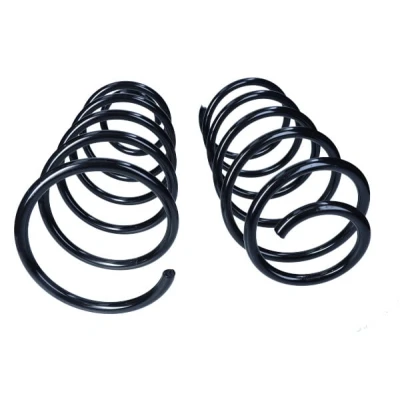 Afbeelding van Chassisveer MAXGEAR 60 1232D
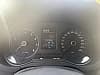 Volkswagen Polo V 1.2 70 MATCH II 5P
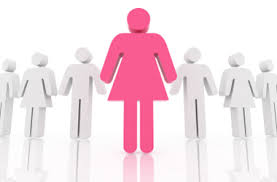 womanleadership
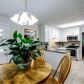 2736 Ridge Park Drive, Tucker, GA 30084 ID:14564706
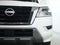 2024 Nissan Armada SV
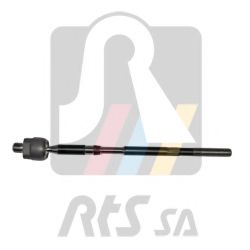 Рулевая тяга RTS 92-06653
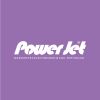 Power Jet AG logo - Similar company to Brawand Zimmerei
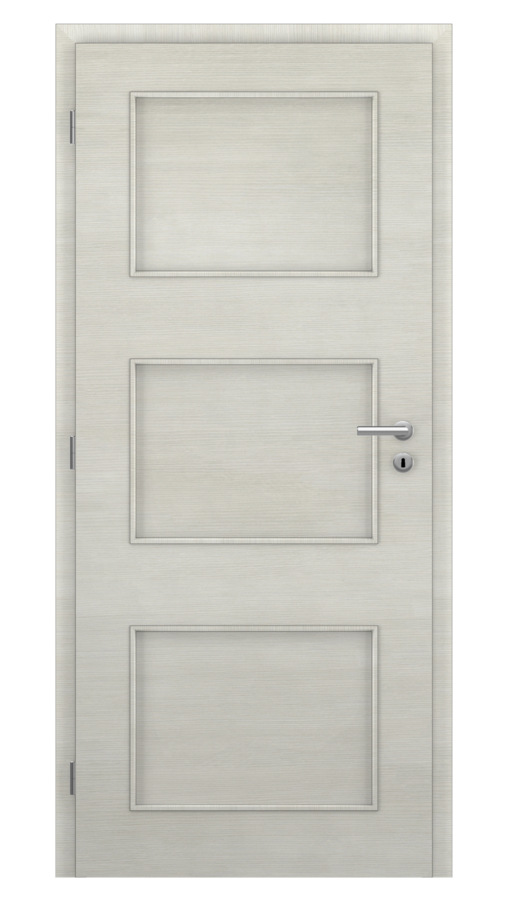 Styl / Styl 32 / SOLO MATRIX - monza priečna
═══
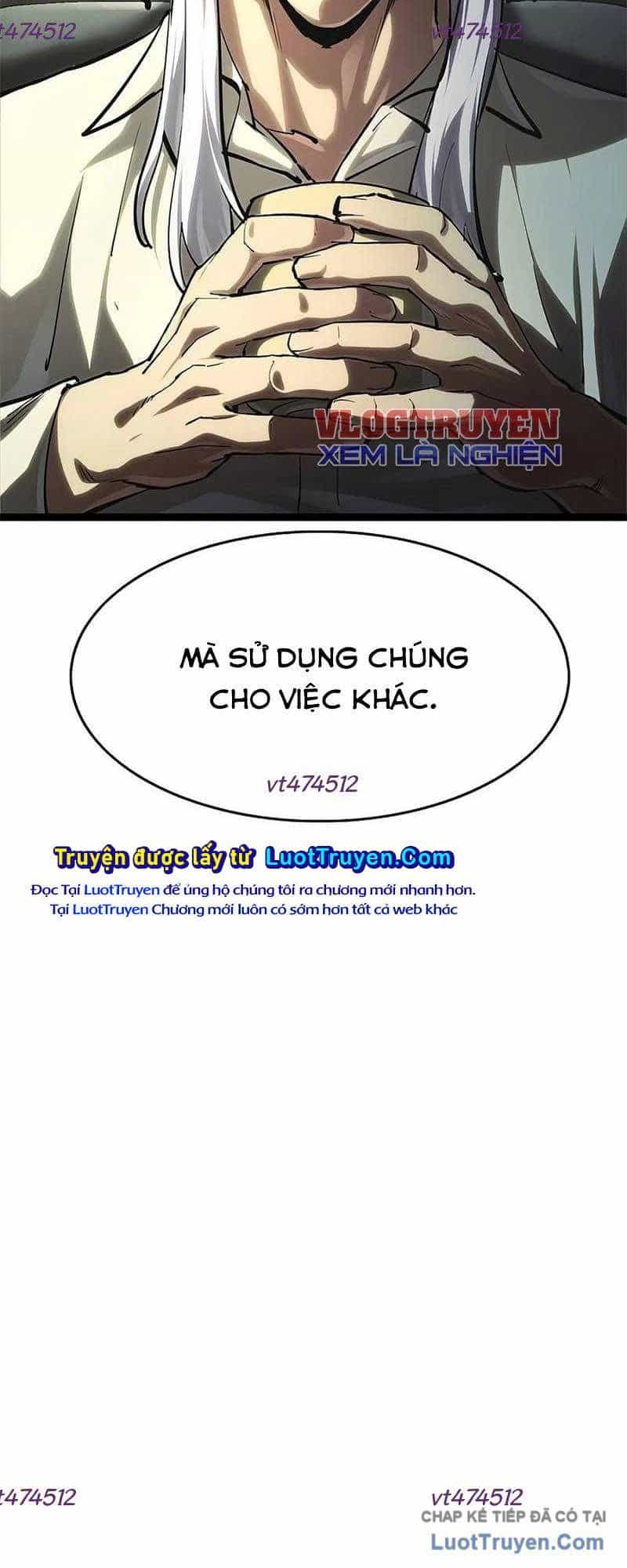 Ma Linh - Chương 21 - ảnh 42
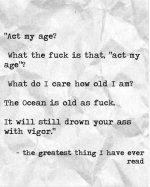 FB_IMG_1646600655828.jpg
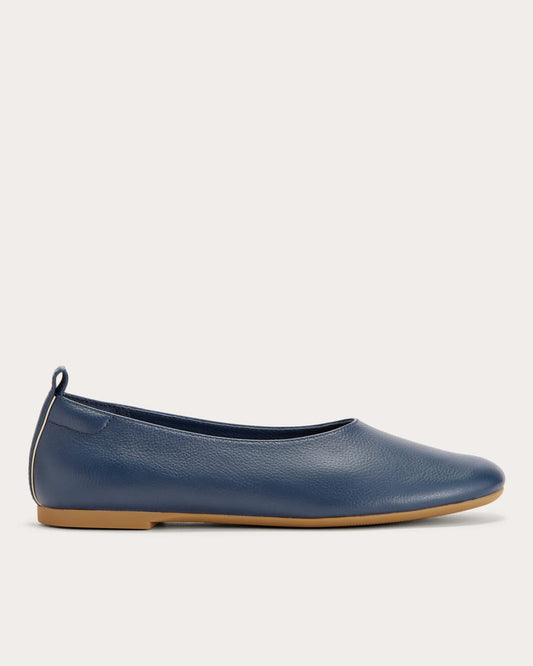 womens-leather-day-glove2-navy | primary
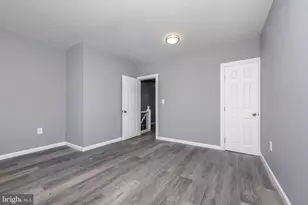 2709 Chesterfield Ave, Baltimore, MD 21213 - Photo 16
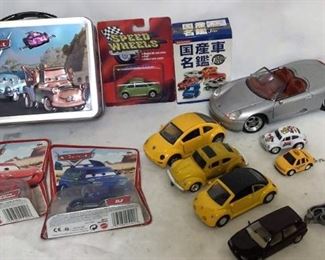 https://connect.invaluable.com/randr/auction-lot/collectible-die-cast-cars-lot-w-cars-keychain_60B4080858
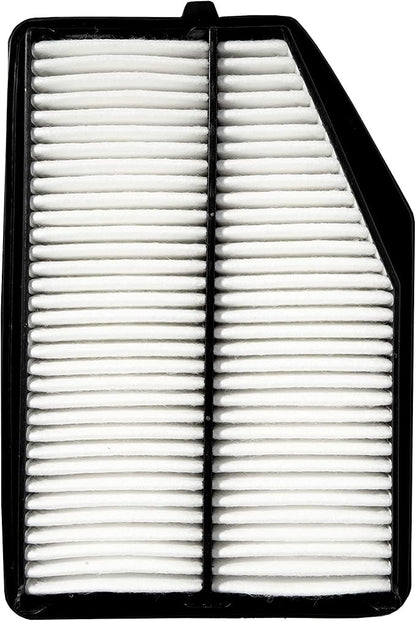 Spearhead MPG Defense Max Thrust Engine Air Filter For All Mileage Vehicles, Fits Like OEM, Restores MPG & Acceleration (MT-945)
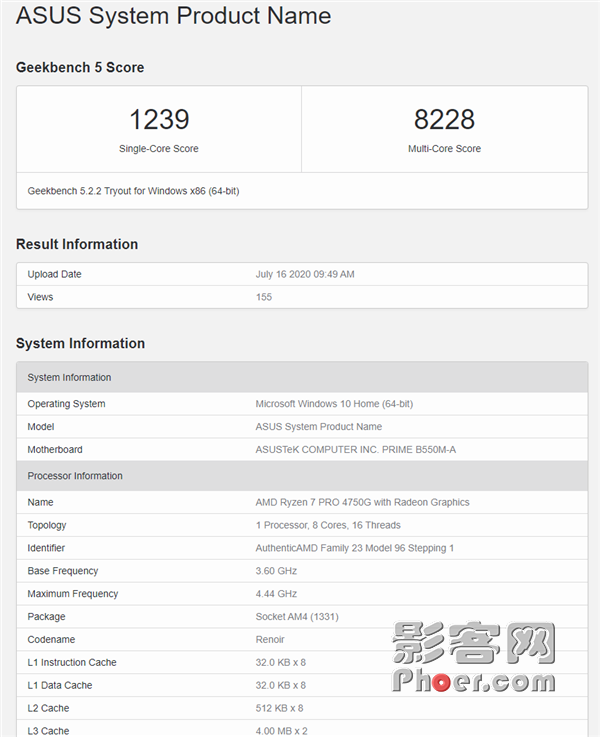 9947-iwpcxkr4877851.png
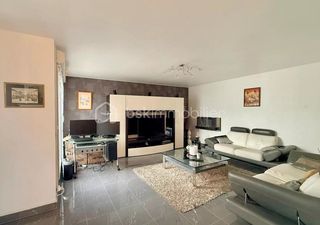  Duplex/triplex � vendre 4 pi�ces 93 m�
═══
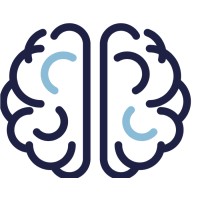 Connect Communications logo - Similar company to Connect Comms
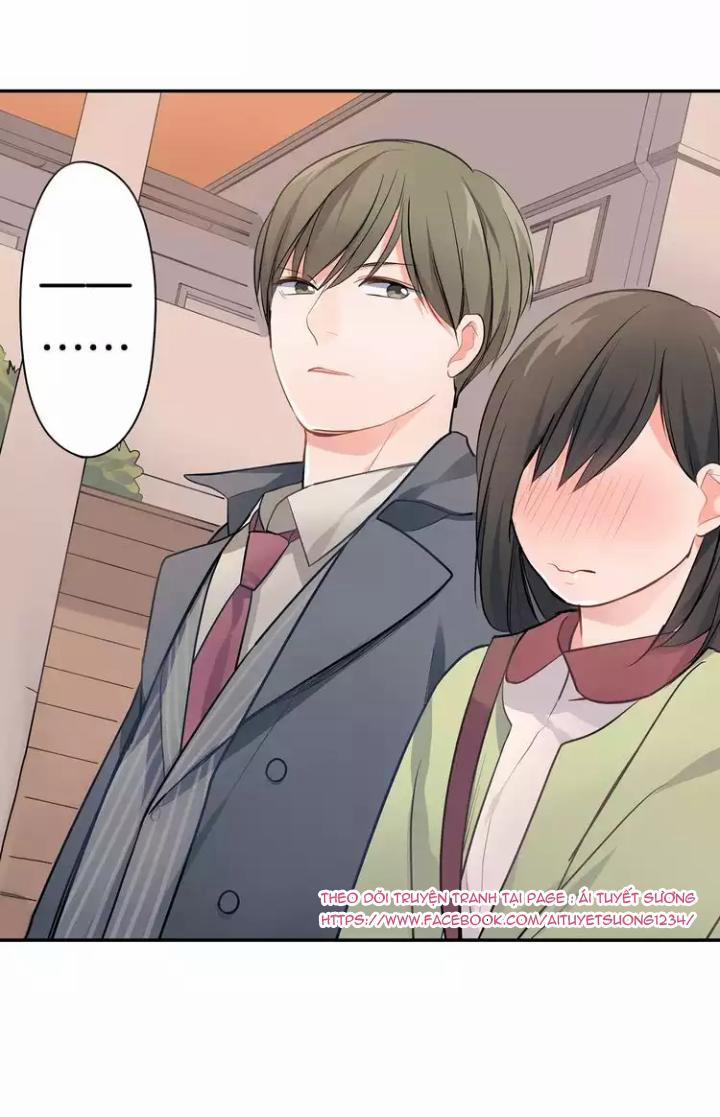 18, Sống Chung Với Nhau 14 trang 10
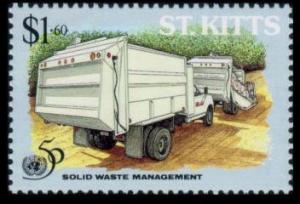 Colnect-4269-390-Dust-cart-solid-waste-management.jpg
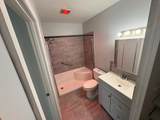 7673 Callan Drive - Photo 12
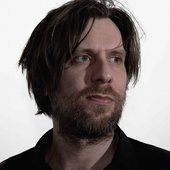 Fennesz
═══
TASK TO CARRY OUT:
Your answer should be the lines above, word for word, from the line with "womens-leather-day-glove2-navy | primary" through the line with "Duplex/triplex � vendre 4 pi�ces 93 m�", minus the pictures.

SOLUTION TO THE EXERCISE:
 womens-leather-day-glove2-navy | primary
 2709 Chesterfield Ave, Baltimore, MD 21213 - Photo 16
 https://connect.invaluable.com/randr/auction-lot/collectible-die-cast-cars-lot-w-cars-keychain_60B4080858
 Spearhead MPG Defense Max Thrust Engine Air Filter For All Mileage Vehicles, Fits Like OEM, Restores MPG & Acceleration (MT-945)
 9947-iwpcxkr4877851.png
  Duplex/triplex � vendre 4 pi�ces 93 m�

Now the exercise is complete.